I believe that you did the right thing and that you have nothing to feel guilty about. First of all, you owe it to your children to make sure that they grow up in a safe, loving environment and not around drug users. Secondly, the reason that your fiance hates them is the way that they have treated you. He really loves and cares about you and doesn't want to see you hurting. Third, you owe it to yourself to cut yourself free of an abusive relationship from your family. They have done nothing but abuse and hurt you and nothing else. I am proud of you for what you did and it gives me the courage to stand up to my controlling mother. Just don't allow them to guilt trip you anymore because you have done nothing wrong in my book .


----------



## sfj (Jan 15, 2012)

A lot of addicts have issues with control. The same is true for "recovering addicts". Just because somebody has given up drugs and is in "recovery" doesn't mean they have turned into perfect saints. A recovering addict can still be a control freak. I would seriously consider why your fiance is asking you to cut your family out of your life. Nothing like a recovering addict having NO compassion for others who are in the same boat they were once in... sorry but this is a red flag to me.

I'm not saying that you should tolerate bad behavior in your presence, around your children, or in your home.
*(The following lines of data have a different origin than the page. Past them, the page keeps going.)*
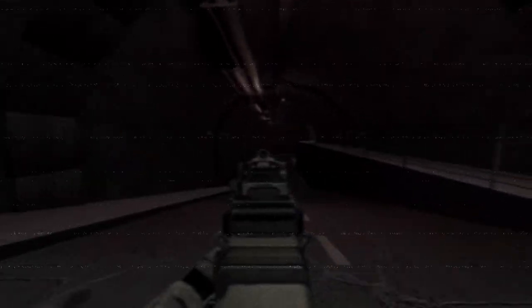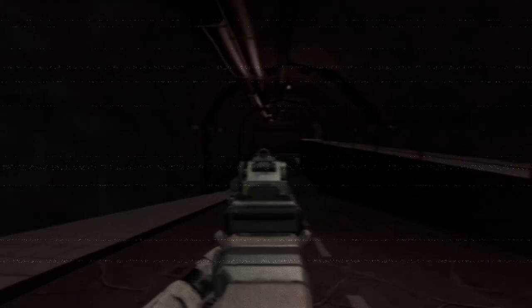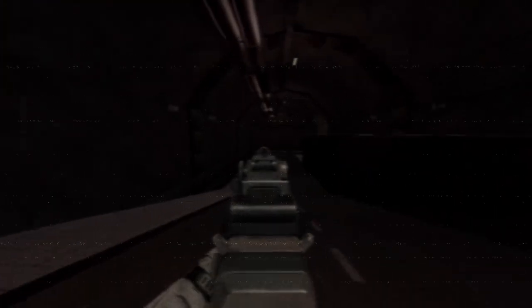Mobile Task Force Unit Epsilon-11, designated Nine-Tailed Fox, has entered the facility. All remaining survivors are advised to stay in the evacuation shelter or any other safe civilian area. The site is securing personnel now. Many escaped SCPs have been recontained.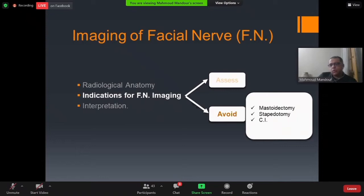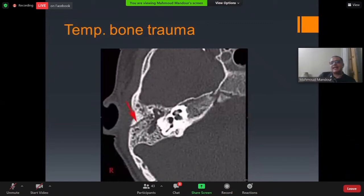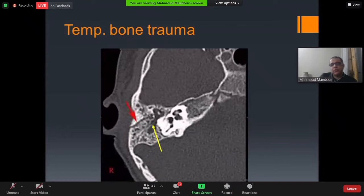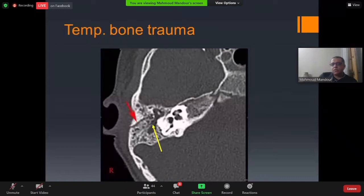For assisting cases of facial palsy after temporal bone trauma: on axial CT we can see different fracture types — otic bone-sparing or otic bone-disrupting fractures. In an otic bone-sparing fracture, the yellow arrow points to opacity inside the mastoid and middle ear cavity, which usually represents hemotympanum.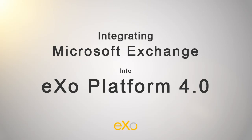Hello! In this presentation, I'd like to demonstrate how you can integrate your Microsoft Exchange Calendar into eXo Platform. This integration allows you to manage events in eXo Platform and Exchange at the same time.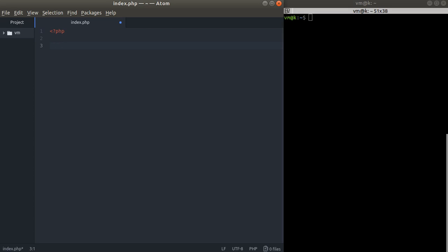Hello ladies and gentlemen, this is Maxi Code, welcome to my channel. In this video we're going to talk about the great power of PHP functions. PHP comes with a huge box of built-in functions, but we're going to talk first about custom defined functions. Think of a function as a piece of code that you want to reuse.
You should not tolerate it at all, and be crystal clear about that, but cutting your family out of your life completely is extremely harsh, imo, and is not a decision somebody else should be making for you.

To me it looks like you need to learn how to establish boundaries with all the people in your life, including your fiance. He has no right to give you an ultimatum concerning your family. He can chose to stay away from them, and that is HIS right, but to tell you "it's me or them" is pure BS, imo.


----------



## Mimi10 (Feb 27, 2012)

Well I think it probably will be healthier to spend a small amount of time with your family until they get the help they need. However, it is not your fiancée place to make you leave your family. To me that's a form of control rather than love. My husband tried doing that and I know how hurtful and wrong it was.
_Posted via Mobile Device_


----------



## PBear (Nov 16, 2010)

Just because he's your fiancée doesn't mean he's right, or that he's not an ass. Personally, I'd take this as a sign of how you'll be treated if you don't do things "his way". Ask yourself if you'd like to be treated the way he's treating your family.

C
_Posted via Mobile Device_


----------



## CantePe (Oct 5, 2011)

In regards to your addict family:

"At some point you will realize that you have done too much for someone, that the only next possible step to do is to stop. Leave them alone. Walk away. It's not like you're giving up and shouldn't try. It's just that you have to draw the line of determination from desperation. What is truly yours would eventually be yours, and what is not, no matter how hard you try, will never be yours."

I don't remember where I found the quote, but it applies. It's about detaching from their issues and problems - addictions. It's not you who can fix them, they don't want to be fixed (yet or never for some). The only people who can fix your mom and sister is your mom and sister.

Your children, your family deserve better than their problems and addiction life style. You cannot help them, you will not help them but you can help yourself and your children and spouse by removing yourself from mom and sister. They are dragging not only your relationship down and into chaos\danger but YOUR CHILDREN.

Practice detachment, look up detachment 101 on google.


----------